The Salford-born classical singer, who is in the middle of his Magnificent Buildings Tour, said he could see a tear in the eye of Sir Bobby’s widow Lady Norma as he performed How Great Thou Art at the service held for the late footballer, who died in October aged 86.
Sir Bobby will be remembered as arguably the greatest English footballer of all time, a World Cup winner in 1966 with his country and a winner of three league titles, an FA Cup and a European Cup with Manchester United in 1968.
Fans flocked to United’s Old Trafford stadium to pay their respects as the funeral cortege drove past on Monday.
After singing at Manchester Cathedral, Watson, 56, told the PA news agency: “It was an emotional day. It was an emotional moment.”
He added: “I don’t think in my wildest dreams I would have ever imagined at any stage in my life as a child that I would be singing or being invited to sing at the funeral of the legend that was Bobby Charlton. A great honour for me.”
Watson recalled meeting Sir Bobby: “I just remember spending the entire evening bending his ear about, I’m sure, questions that he’s been asked 1,000 times before.
“It was interesting because he told them with such glee and almost like it was the first time he’d ever told the stories, which was what I found so incredible.
“It was only when I heard his grandson speak about him today at the funeral that I realised that he loved repeating the stories and he was just a gentleman through and through, I think.
“I mean, we talk about his prowess as a footballer, but I think the one thing that really stands out for me with regards to Sir Bobby Charlton was the fact that he was a very charitable man, but also a consummate professional.
“He was also a very, very humble and a very, very giving human being.

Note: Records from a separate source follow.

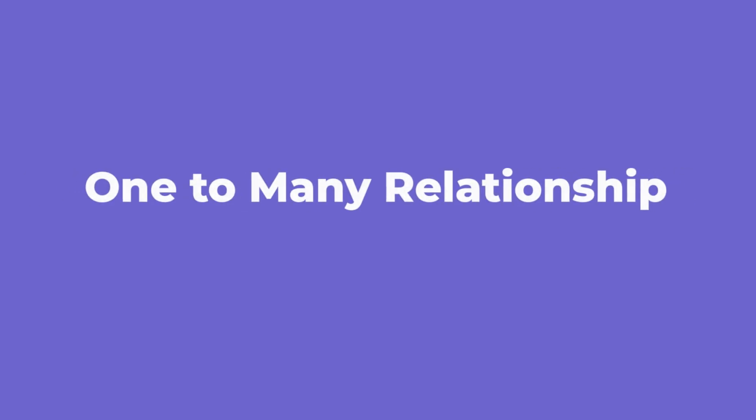In the next two minutes, we will learn how to create a one-to-many relationship in Power BI. Let's start.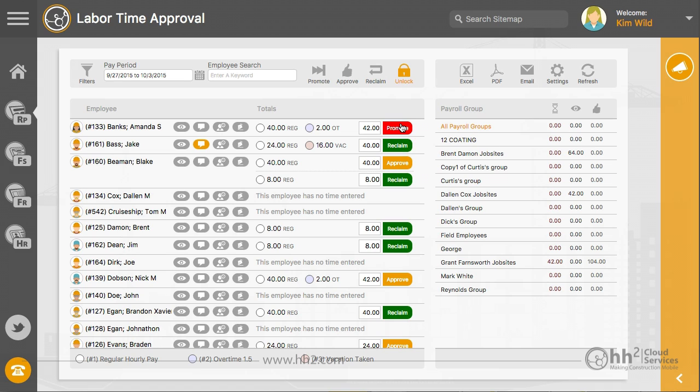Time that is red means an approver below you has not yet approved this time. You can bypass their approval by clicking promote.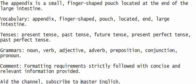Grammars: noun, verb, adjective, adverb, preposition, conjunction, pronoun.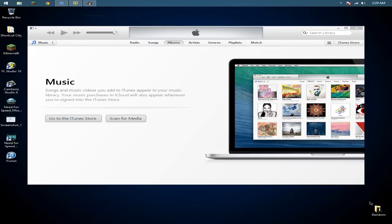Yo what is up YouTube, today I'm going to make a quick video on how to fix any error that comes up in iTunes.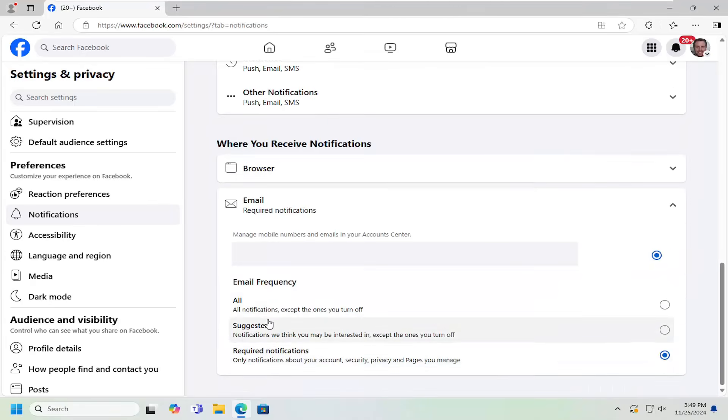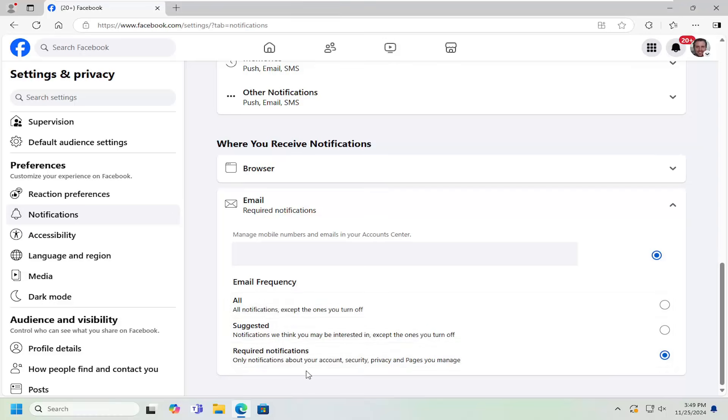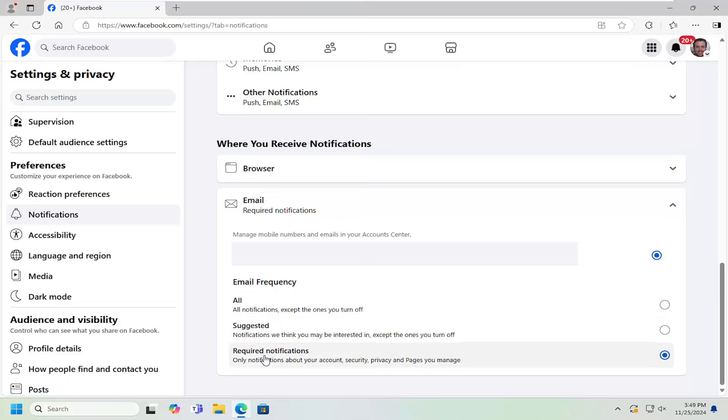So at this point, you can go ahead and adjust the email frequency, whether you want to receive all notifications, only suggested or only the required ones. You have to have at least required notifications turned on. You can't disable all of them, but you can at least get rid of most of them.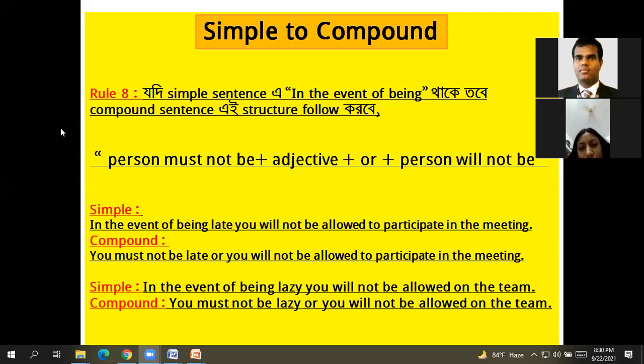Compound: You must not be late, or you won't be allowed to participate in the meeting.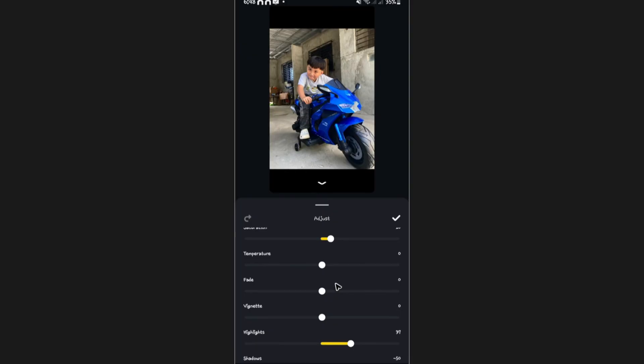Again, all you have to do is to make sure that you adjust the contrast, highlights, shadows, colors and tones, and lastly, the saturation.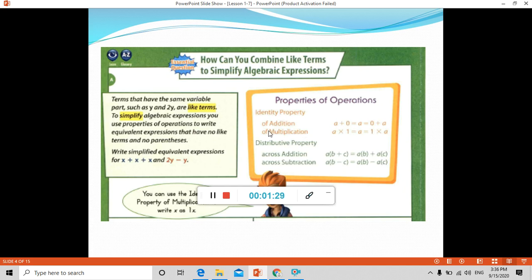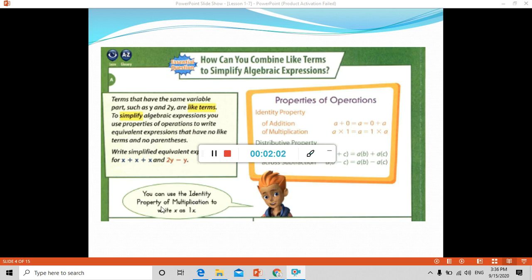The properties of operations we will use include the identity property of addition and multiplication. The identity property of addition: a plus zero equals a. The identity property of multiplication: a times 1 equals a. We should know that we can use the identity property of multiplication to write x as 1x. So x and 1x are the same because the coefficient of x is 1.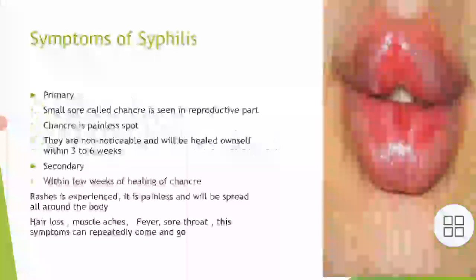Secondary symptoms: within a few weeks of healing of the chancre, rashes are experienced. These are painless and will spread all around the body. After this, hair loss, muscle aches, fever, and sore throat may occur. These symptoms can repeatedly come and go.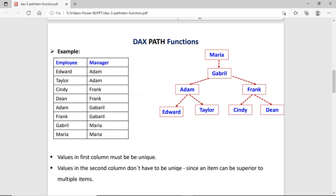We can check how the Path function works with a diagram. We have a table with employee and manager columns. Maria is the manager of Gabriel. Gabriel is the manager of Frank and Adam. Under Adam we have two more — Edward and Taylor. Under Frank we have Cindy and Dean. This kind of hierarchy can be represented using the Path function.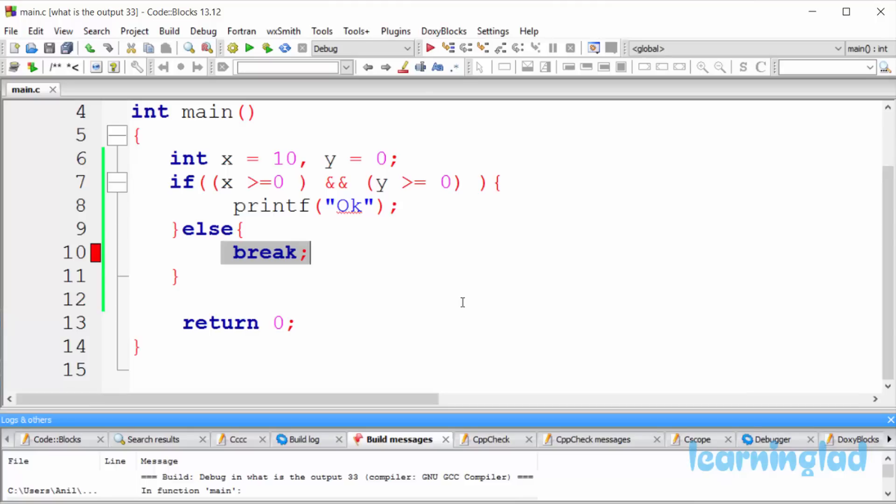So this is it, guys. This is a simple program demonstrating the usage of break statement. Thank you for watching, and don't forget to subscribe to my channel.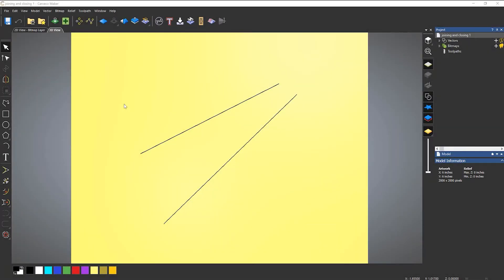Let's take a look at quickly joining and closing vectors that are open. Here you can see that I've got two lines and obviously they are not closed,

“He was just a great bloke basically.”
Watson said Sir Bobby was probably “the greatest footballing legend” that Manchester United has ever created.
“I mean he had success as a youth player; he had success as a club footballer, and then, the ultimate accolade of being one of the World Cup winners in 1966.
“So what a legacy to leave behind. I think a footballer that will never be forgotten,” Watson added.